日本初「母乳バンク」
日本初の母乳バンクがスタートしたそうです。
病気や早産で母乳が出ない母親に代わり、別の女性の母乳を提供する日本初の「母乳バンク」が、昭和大小児科(東京)に誕生した。小さく生まれた赤ちゃんは、免疫の働きが不十分で、様々な病気のリスクを避けるには母乳が効果的だ。
高齢出産や不妊治療による多胎などで、小さい赤ちゃんの割合は増えており、5年以内にNPO法人化して普及を目指す。 学内の倫理委員会の承認を得て、スタートした。

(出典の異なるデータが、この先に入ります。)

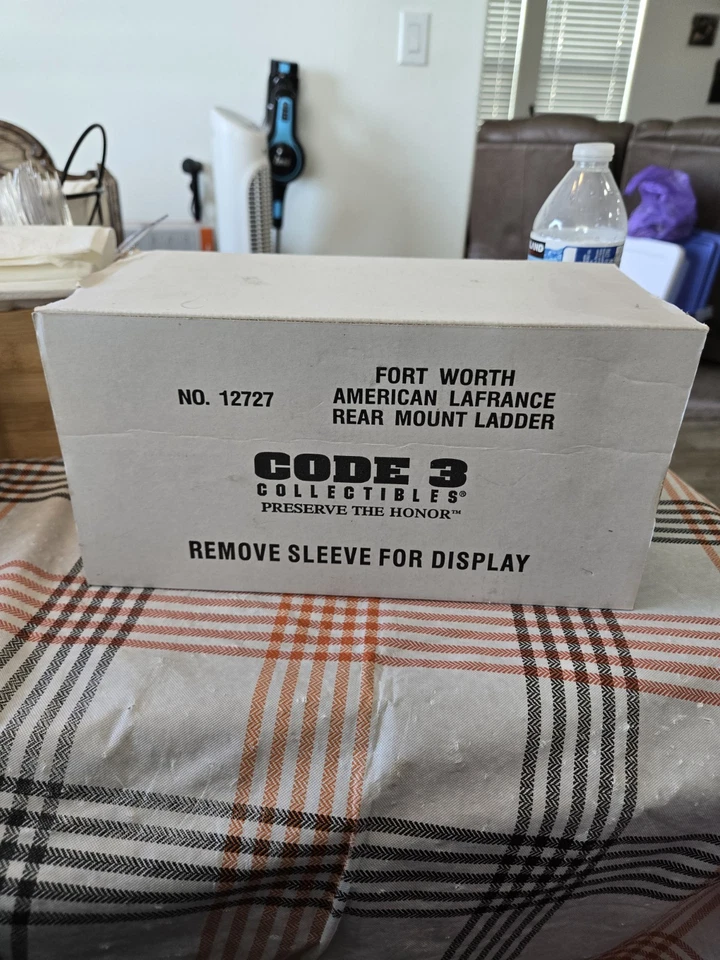 City Of Fort Worth Code 3 2001 American LaFrance 75' Aerial Ladder Fire Truck 9 - Image 2 of 4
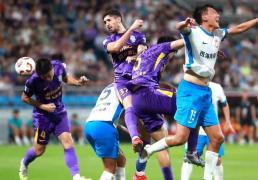 中超裁判又抢戏！杨帆进球无效，VAR回放5分钟，比赛变录像分析课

同大小児科の水野克己准教授によると、早産では、赤ちゃんが2500グラム未満の低出生体重児になるだけでなく、母親も母乳を出す準備ができていないことがある。早産で小さく生まれた赤ちゃんは体の働きが未熟で、腸に穴があく壊死(えし)性腸炎や未熟児網膜症、慢性的な肺の病気などのリスクが上がる。
母乳にはこれらのリスクを下げる成分が含まれているため、出産から2~3日以内に飲ませることが有効だ。粉ミルクでは、こうした効果は期待できず、赤ちゃんの腸に壊死などのトラブルが起きやすくなる心配もある。
母乳バンクへの提供者は、早産で小さく生まれた赤ちゃんに必要な成分が含まれている母乳が出る人が望ましい。このため、同じく早産ながら、母乳が多く出る女性に協力してもらう。母乳にウイルスなどの感染症がないことを確認して、低温殺菌処理した後、マイナス70度で冷凍する。提供、利用ともに無料とする。
近年、高齢出産や不妊治療の増加に伴って、低出生体重児の割合は増えており、2012年は新生児の約10%、10万人近くに上る。母乳バンクは欧米を中心に先進国のほとんどで整備され、ブラジル、中国など約40カ国で定着している。